- _PROBLEM TO SOLVE_: After finding the line containing "2/2-Wege ES-Magnetventil G" below, please output that line and each following one through the line containing "Aqualine Aqualine, ORBIT", exactly as written.

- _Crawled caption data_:
▼

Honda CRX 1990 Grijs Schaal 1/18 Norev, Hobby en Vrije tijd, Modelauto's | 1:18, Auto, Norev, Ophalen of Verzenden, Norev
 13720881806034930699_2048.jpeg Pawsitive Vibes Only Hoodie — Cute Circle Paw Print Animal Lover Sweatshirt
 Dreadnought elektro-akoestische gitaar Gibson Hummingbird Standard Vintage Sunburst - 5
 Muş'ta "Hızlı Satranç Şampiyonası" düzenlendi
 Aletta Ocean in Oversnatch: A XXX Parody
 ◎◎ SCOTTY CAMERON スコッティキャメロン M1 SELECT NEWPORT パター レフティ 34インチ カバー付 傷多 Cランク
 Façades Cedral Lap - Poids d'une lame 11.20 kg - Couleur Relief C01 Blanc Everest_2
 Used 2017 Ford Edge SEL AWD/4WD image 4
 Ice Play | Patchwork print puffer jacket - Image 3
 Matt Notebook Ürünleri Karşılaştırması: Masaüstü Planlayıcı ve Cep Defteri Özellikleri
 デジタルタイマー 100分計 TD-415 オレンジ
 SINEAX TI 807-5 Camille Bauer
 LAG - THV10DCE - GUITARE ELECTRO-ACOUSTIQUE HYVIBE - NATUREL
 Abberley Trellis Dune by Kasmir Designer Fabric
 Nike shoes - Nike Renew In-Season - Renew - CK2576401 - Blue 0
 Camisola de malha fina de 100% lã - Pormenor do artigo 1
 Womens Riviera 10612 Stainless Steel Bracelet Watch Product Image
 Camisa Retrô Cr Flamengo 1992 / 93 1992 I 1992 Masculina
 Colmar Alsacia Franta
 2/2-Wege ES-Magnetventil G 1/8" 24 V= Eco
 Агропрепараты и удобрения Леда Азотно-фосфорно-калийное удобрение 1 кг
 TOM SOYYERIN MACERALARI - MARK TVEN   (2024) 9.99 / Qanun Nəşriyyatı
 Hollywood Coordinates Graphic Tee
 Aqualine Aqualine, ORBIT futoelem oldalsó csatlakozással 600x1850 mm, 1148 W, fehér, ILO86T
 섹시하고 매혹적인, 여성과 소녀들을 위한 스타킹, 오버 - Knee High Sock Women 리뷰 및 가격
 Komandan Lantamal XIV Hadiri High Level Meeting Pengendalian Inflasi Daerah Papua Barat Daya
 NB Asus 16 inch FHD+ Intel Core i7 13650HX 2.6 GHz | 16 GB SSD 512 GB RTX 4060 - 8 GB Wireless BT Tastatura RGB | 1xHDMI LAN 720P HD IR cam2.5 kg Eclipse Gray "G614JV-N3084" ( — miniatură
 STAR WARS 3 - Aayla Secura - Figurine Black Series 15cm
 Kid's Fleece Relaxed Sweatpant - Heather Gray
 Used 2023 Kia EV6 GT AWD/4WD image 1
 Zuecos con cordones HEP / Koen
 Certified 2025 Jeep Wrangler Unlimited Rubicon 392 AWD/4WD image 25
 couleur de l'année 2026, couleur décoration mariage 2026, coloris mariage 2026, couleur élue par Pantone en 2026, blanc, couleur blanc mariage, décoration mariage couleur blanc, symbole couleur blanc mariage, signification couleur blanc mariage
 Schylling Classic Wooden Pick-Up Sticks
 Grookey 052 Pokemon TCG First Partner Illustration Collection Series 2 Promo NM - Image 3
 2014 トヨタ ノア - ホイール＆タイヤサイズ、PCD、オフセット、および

▲

- _SOLUTION TO THIS PROBLEM_:
 2/2-Wege ES-Magnetventil G 1/8" 24 V= Eco
 Агропрепараты и удобрения Леда Азотно-фосфорно-калийное удобрение 1 кг
 TOM SOYYERIN MACERALARI - MARK TVEN   (2024) 9.99 / Qanun Nəşriyyatı
 Hollywood Coordinates Graphic Tee
 Aqualine Aqualine, ORBIT futoelem oldalsó csatlakozással 600x1850 mm, 1148 W, fehér, ILO86T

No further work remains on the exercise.